I was able to get this done and head for some client tax issues at the bank. The waiting began, I shifted from left bum to right bum,intermittently.
At 2.30pm, it dawned on me that;
a. The network wasn’t going to come on no matter how long I waited
b. The Client could wait
c. I had just thirty minutes to end of school
“Excuse me, Sir”
I let the poor guy who had been shuffling about with my paper know that I would return to continue at another time, that I wasn’t angry, nor surprised, these crappy services are normal these days.

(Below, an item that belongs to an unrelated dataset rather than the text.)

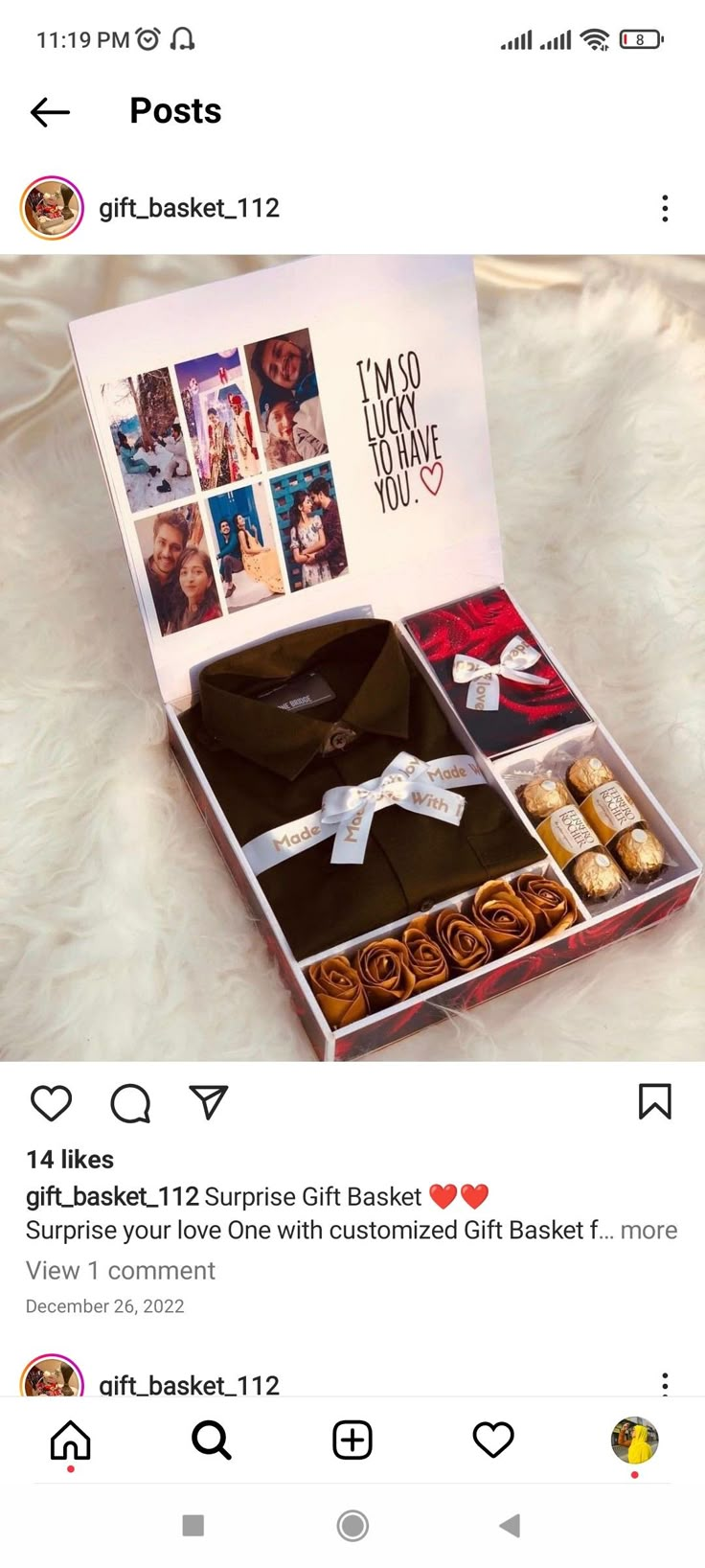 an open gift box with pictures on the front and inside, sitting on top of a bed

I hit their school in fifteen minutes. I began from Container’s class, to 100Watts and as soon as I stepped into The Boss’ class, the bell rang for dismissal. He hadn’t seen me, I heard the cat like purring
“It’s school over, my daddy or mommy didn’t come”
His teacher smiled
“Your mom is behind you”
The way those eyes lit!
We hugged, laughed and proceeded to business. He piled all his school notes on the desk and began to flip energetically
“Look! I got 10/10 here!” etc
I pondered.
I didn’t like Open day of any sort, whether at primary or secondary school. I didn’t like the uncertainty, the thinking that I was doing pretty good and one teacher would prefer to tell my mom of my truancy.
I didn’t score 10/10 in mathematics, I couldn’t see from my seat. This meant I couldn’t follow the teacher’s writing on the blackboard. I depended on my seat partner, who sometimes wrote too fast for me.
Not being able to see clearly then made me prefer classes where we depended on sounds more -English Composition, pronunciation classes, I shone bright. At primary three, I could read, fast, I feasted on any typed thing that didn’t have numbers.
Here was my son, primary one, dividing fractions with the ease you pop chewing gum bubbles.
I still don’t know long division, but look on the bright side, I can write about these things.
Mommy diaries,
Achalugo
Oh yes, you can write about these things. Glad you made it to their school.